--- What you have to do ---
Ignoring every picture, transcribe the data in full as it stands.

--- The data ---
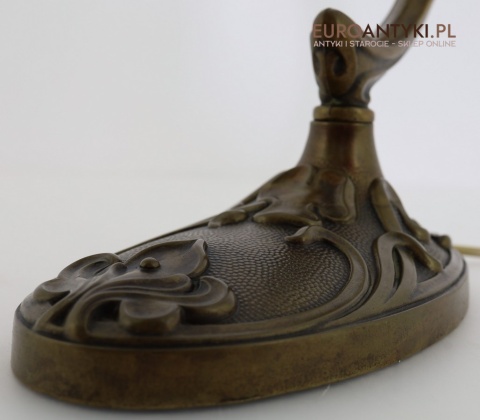 sklep z lampami secesyjnymi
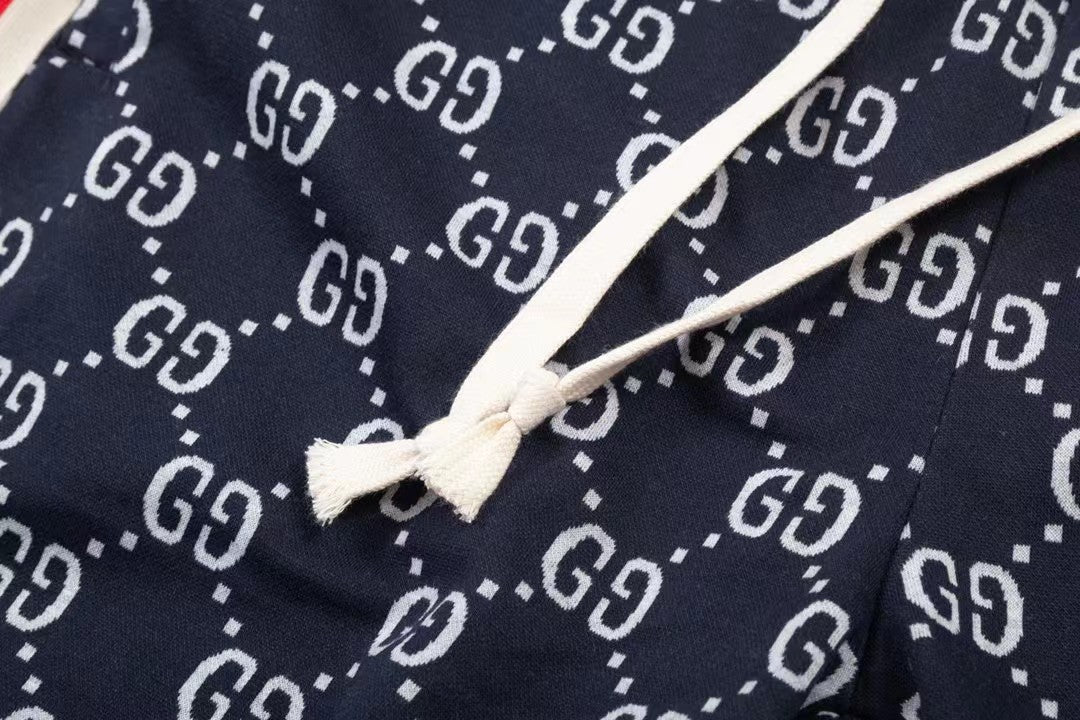 Short Gucc! G Logo
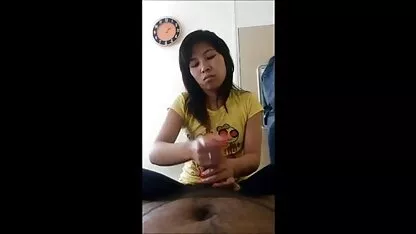 Un uomo migliori video erotici porta a casa una bruna timido e scopare il suo buco peloso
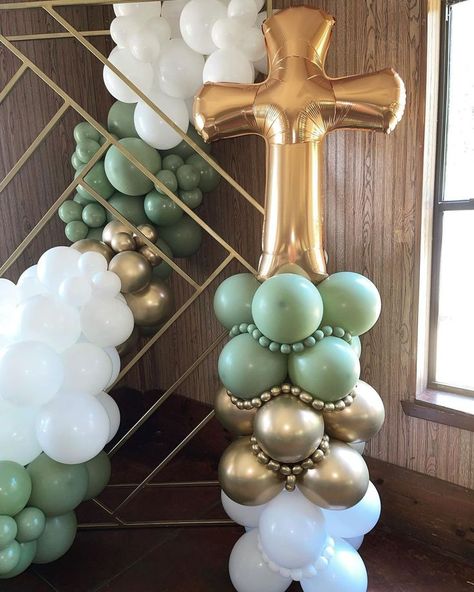 Boy Baptism Centerpieces, Baptism Decorations Boy, Christening Balloons, Baptism Themes, Candyland Christmas Tree, Recuerdos Primera Comunion Ideas, Confirmation Party, Baptism Centerpieces, Holy Communion Party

--- Answer space ---
 sklep z lampami secesyjnymi
 Short Gucc! G Logo
 Un uomo migliori video erotici porta a casa una bruna timido e scopare il suo buco peloso
 Boy Baptism Centerpieces, Baptism Decorations Boy, Christening Balloons, Baptism Themes, Candyland Christmas Tree, Recuerdos Primera Comunion Ideas, Confirmation Party, Baptism Centerpieces, Holy Communion Party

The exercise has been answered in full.